01:46J'ai une main droite qui va très bien et puis j'ai une main gauche qui est un peu moins jolie.
01:50Donc forcément il y a une grosse brûlure.
01:52Une brûlure en fait c'est un peu étrange comme blessure, ça guérit jamais vraiment.
01:56Et c'est vrai qu'aujourd'hui en fonction de l'humidité dans l'air, de la météo, ça va me faire plus ou moins mal.
02:01Mais j'ai appris à vivre avec et puis c'est pas bien grave.
02:04Et c'est vrai qu'en permanence je serre ma main comme ça, je la bouge pour que la peau continue de travailler, même un an après.
02:14On apprend à vivre avec ça et en même temps c'est un peu une marque de soldat qui me rappelle ce que j'ai vécu et qui me rappelle que chaque jour je devrais pas être là.
02:24Et donc c'est un bonus et il faut en profiter.
02:26L'accident a eu lieu le dimanche 29 novembre à 17h.
02:30Le mardi en fin de journée j'étais déjà en visioconférence avec ma psychologue avec qui je travaille depuis 9 ans.
02:36Donc on se connaît très bien et puis on a tout de suite travaillé pour éviter tout ce qui était stress post-traumatique.
02:42Et j'ai eu deux flashbacks au mois de décembre, deux flashbacks effectivement du moment où je me suis dit ça y est c'est fini et presque accepté de mourir.
02:50Et on a retravaillé dessus et depuis plus rien.
02:53J'ai jamais fait de cauchemar, je peux voir les images de l'accident, je peux en parler assez ouvertement.

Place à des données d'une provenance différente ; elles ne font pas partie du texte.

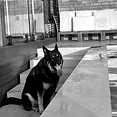 DOG SITTING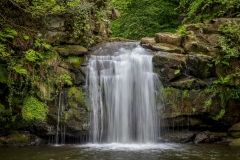 Thomason Foss, Beck Hole Thomason Foss, Beck Hole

03:08On a un peu joué les vases communicants, c'est-à-dire qu'au début je lui disais tout va bien,
03:11j'ai pas mal, ça va aller, etc, etc.
03:13Parce que je savais qu'elle avait les enfants à la maison, elle il fallait qu'elle gère aussi ce qu'elle avait vécu.
03:19Parce que je pense que c'était plus dur à suivre à la télé que ça ne l'était dans la voiture.
03:27Et donc au début j'étais vraiment là pour la réconforter.
03:31Puis à un moment quand on a commencé à faire les soins un peu plus importants sur mes mains,
03:34il a fallu faire ce qu'on appelle un débridage, c'est-à-dire couper la peau, cloquer.
03:38Et je m'en suis retrouvé avec des doigts à la chair.
03:41À ce moment-là c'est moi qui ai eu un coup de moins bien, j'ai appelé Marion et c'est elle qui était là pour moi.
03:47Pour la suite de ma vie, pour ma main gauche, on doit faire attention.
03:52Donc je vais rentrer avec Marion à la maison, voir mes enfants.
03:56Décision difficile, je ne pensais pas terminer ma carrière en Formule 1 comme ça.
04:00Mais je pense que c'est pour le mieux.
04:09Quand je cours, je dirais que la seule chose aujourd'hui à laquelle je fais beaucoup plus attention,
04:14c'est dès qu'il y a un accident, je demande tout de suite des informations.
04:18Et je suis beaucoup plus inquiet sachant ce qui peut se passer que je ne l'étais à l'époque.
04:24Mais après, moi en tant que pilote, aller faire des dépassements, rouler vite, faire ce que j'aime, rouler engagé,
04:31ça il n'y a aucun blocage ou aucune séquelle de cet accident.
04:36On sait que malheureusement le sport automobile reste un sport dangereux, extraordinaire mais dangereux.
04:42J'ai porté le cercueil de Jules Bianchi il y a quelques années, qui était un pilote de Formule 1, un ami.
04:49Donc c'est sûr, on vit des choses qu'on ne devrait pas vivre à 30 ans, mais on sait que ça fait partie de notre métier.
04:56Et que tant que les côtés positifs et la passion sont plus importantes que le reste, on continue.